--- Problem to solve ---
Each line in the records below that has the word "partial" should be copied.

--- Data for review ---
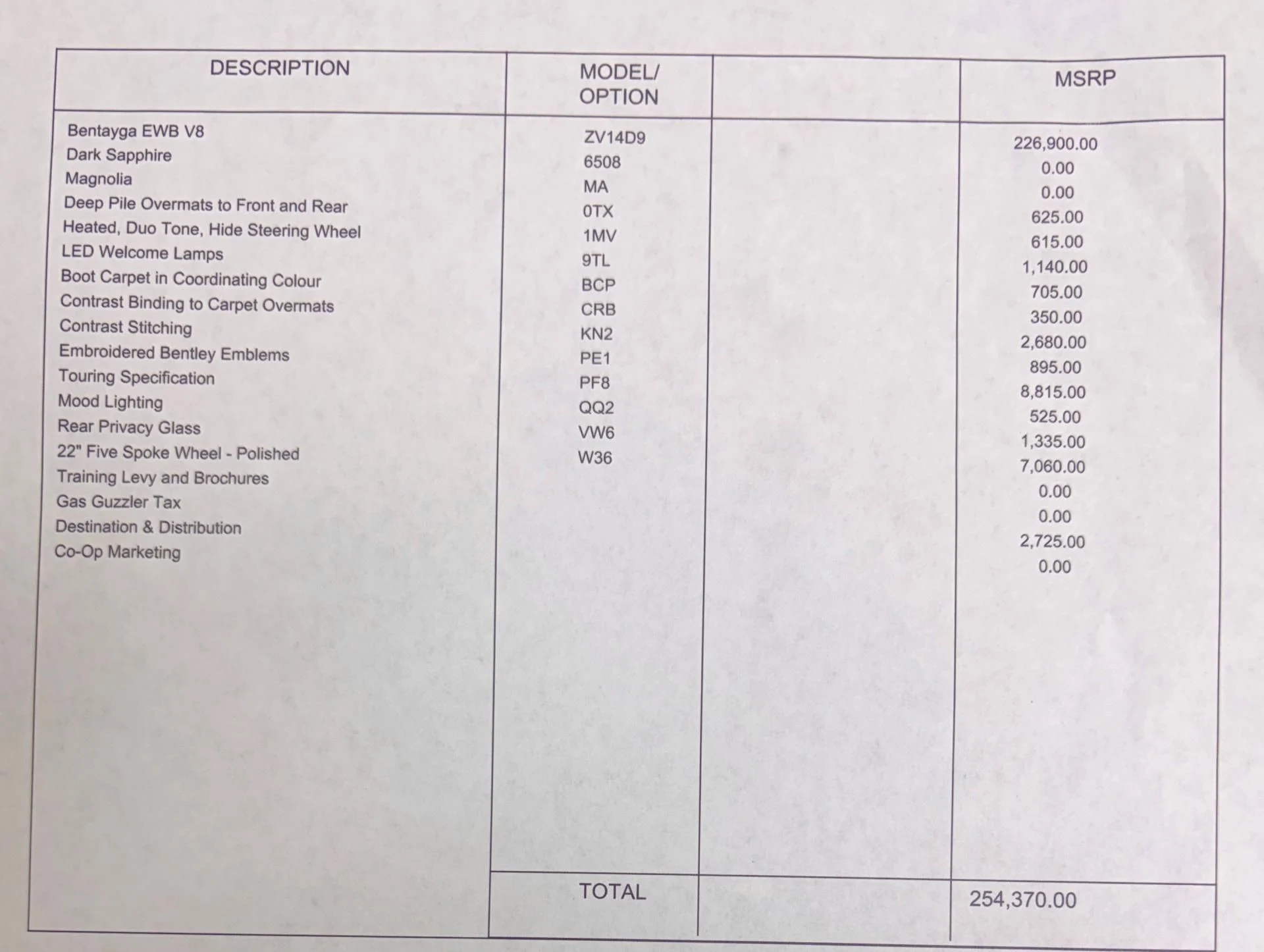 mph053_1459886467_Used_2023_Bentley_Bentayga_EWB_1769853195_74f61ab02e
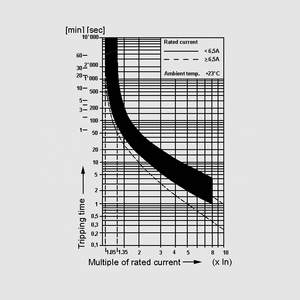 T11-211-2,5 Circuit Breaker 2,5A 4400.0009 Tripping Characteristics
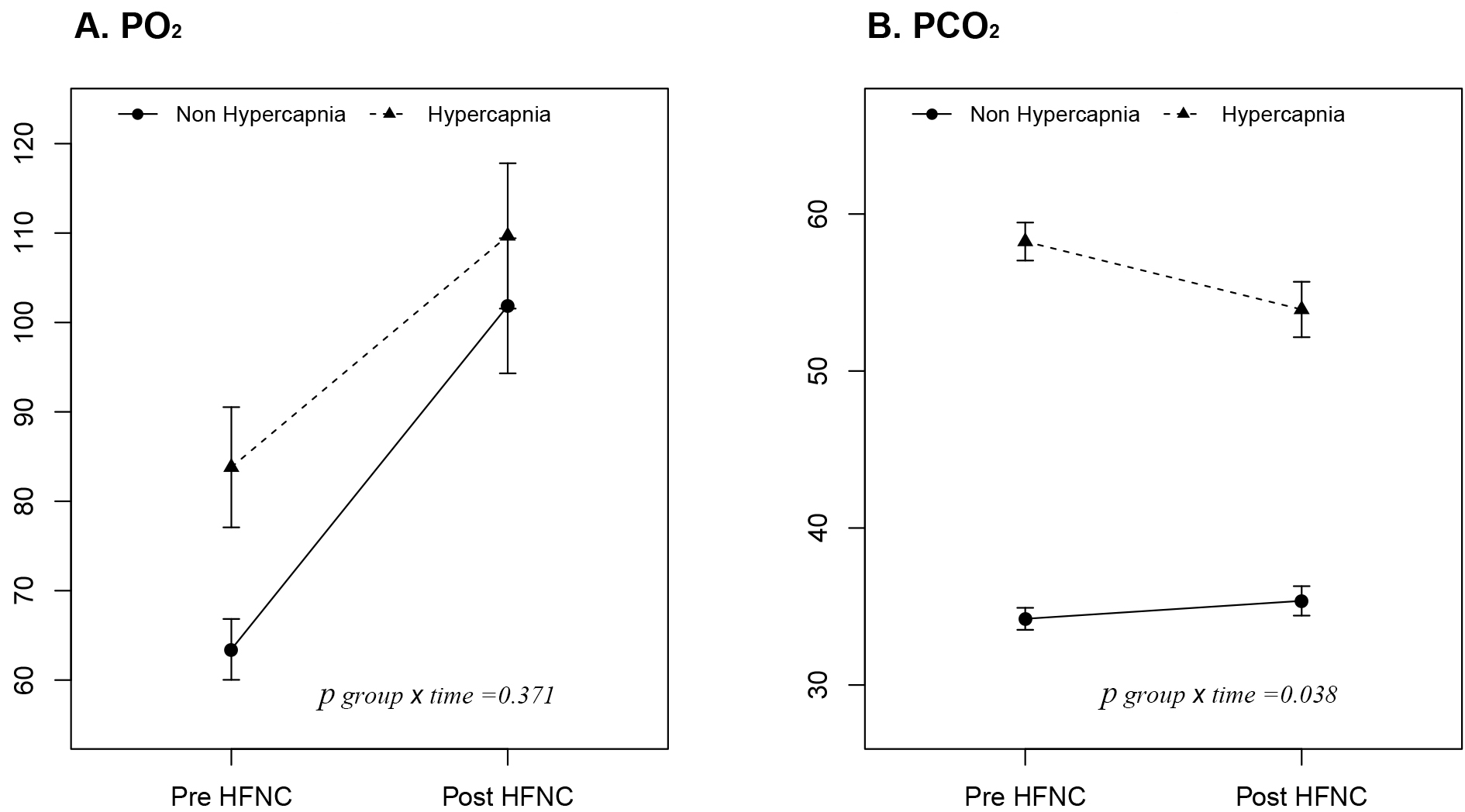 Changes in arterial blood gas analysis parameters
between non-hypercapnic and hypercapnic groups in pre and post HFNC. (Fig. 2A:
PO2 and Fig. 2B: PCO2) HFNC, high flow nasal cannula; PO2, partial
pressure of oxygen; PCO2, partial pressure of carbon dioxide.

--- Result of the exercise ---
PO2 and Fig. 2B: PCO2) HFNC, high flow nasal cannula; PO2, partial
pressure of oxygen; PCO2, partial pressure of carbon dioxide.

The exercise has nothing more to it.